• _TASK GOAL_: In the entries below, find the line with "OUT AND ABOUT" and the line with "Baseball Jersey Men's". Return those two lines and all lines between them, exactly.

• _DATA RECORDS_:
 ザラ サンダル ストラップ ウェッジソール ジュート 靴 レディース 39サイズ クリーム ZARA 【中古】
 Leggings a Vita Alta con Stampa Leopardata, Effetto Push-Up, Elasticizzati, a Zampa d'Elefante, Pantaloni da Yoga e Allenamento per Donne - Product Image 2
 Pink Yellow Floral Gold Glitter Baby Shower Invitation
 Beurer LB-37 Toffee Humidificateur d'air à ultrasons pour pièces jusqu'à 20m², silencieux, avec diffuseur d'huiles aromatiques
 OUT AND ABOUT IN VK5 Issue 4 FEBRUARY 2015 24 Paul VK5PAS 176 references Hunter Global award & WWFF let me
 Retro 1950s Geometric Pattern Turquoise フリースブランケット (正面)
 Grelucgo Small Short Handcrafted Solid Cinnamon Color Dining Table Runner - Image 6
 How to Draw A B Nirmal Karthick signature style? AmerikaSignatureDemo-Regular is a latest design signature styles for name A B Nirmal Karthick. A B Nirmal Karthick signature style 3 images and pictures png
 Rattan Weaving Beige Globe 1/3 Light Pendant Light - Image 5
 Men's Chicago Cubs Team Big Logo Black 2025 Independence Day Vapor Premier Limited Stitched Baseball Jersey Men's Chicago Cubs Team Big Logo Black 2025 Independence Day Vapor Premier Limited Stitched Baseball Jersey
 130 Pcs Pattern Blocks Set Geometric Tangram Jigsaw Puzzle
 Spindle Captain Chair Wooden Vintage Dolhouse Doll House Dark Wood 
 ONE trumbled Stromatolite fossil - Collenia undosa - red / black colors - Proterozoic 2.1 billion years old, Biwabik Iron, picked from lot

--

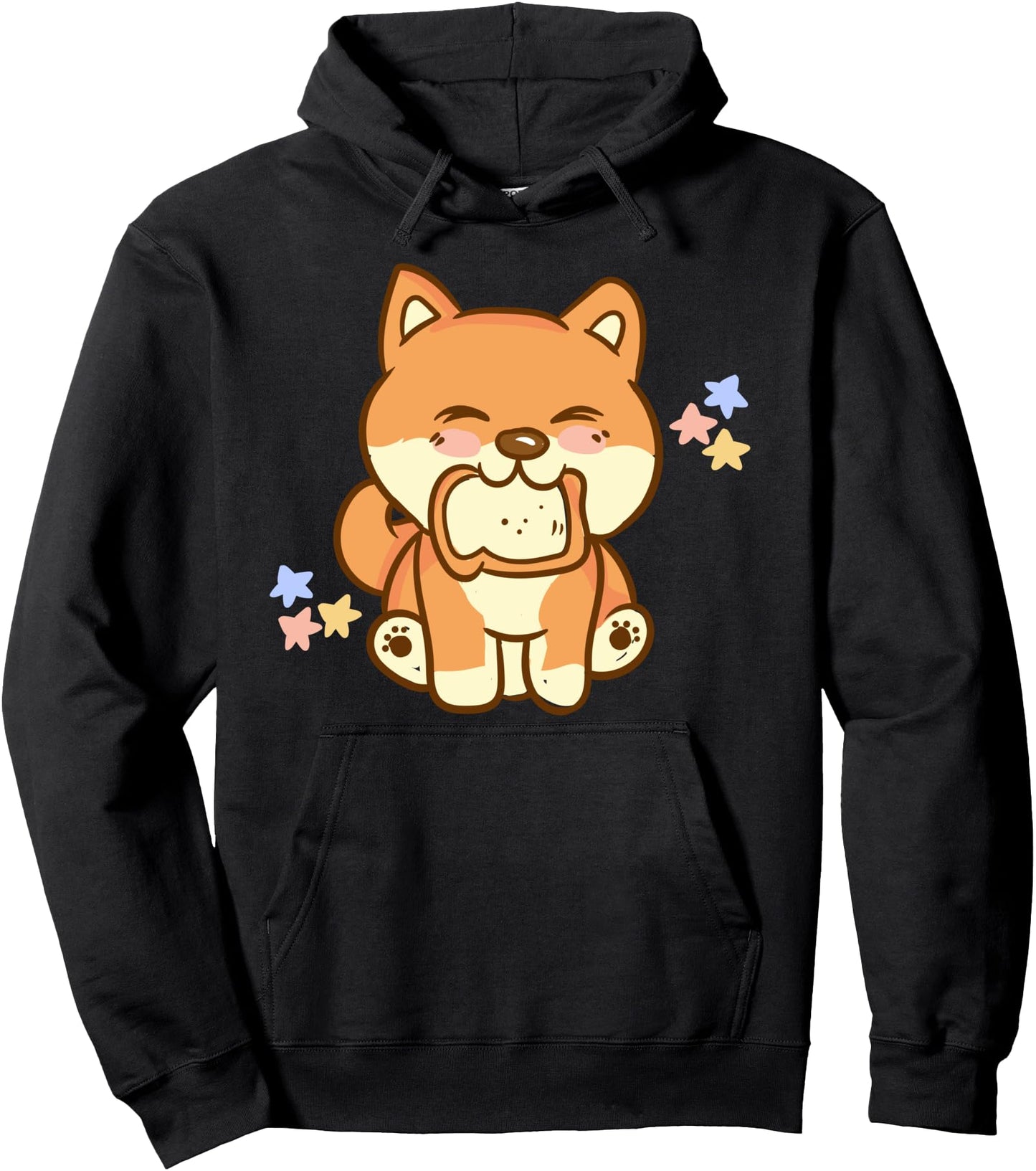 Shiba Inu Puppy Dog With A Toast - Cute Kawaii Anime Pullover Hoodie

• _SOLVED EXERCISE_:
 OUT AND ABOUT IN VK5 Issue 4 FEBRUARY 2015 24 Paul VK5PAS 176 references Hunter Global award & WWFF let me
 Retro 1950s Geometric Pattern Turquoise フリースブランケット (正面)
 Grelucgo Small Short Handcrafted Solid Cinnamon Color Dining Table Runner - Image 6
 How to Draw A B Nirmal Karthick signature style? AmerikaSignatureDemo-Regular is a latest design signature styles for name A B Nirmal Karthick. A B Nirmal Karthick signature style 3 images and pictures png
 Rattan Weaving Beige Globe 1/3 Light Pendant Light - Image 5
 Men's Chicago Cubs Team Big Logo Black 2025 Independence Day Vapor Premier Limited Stitched Baseball Jersey Men's Chicago Cubs Team Big Logo Black 2025 Independence Day Vapor Premier Limited Stitched Baseball Jersey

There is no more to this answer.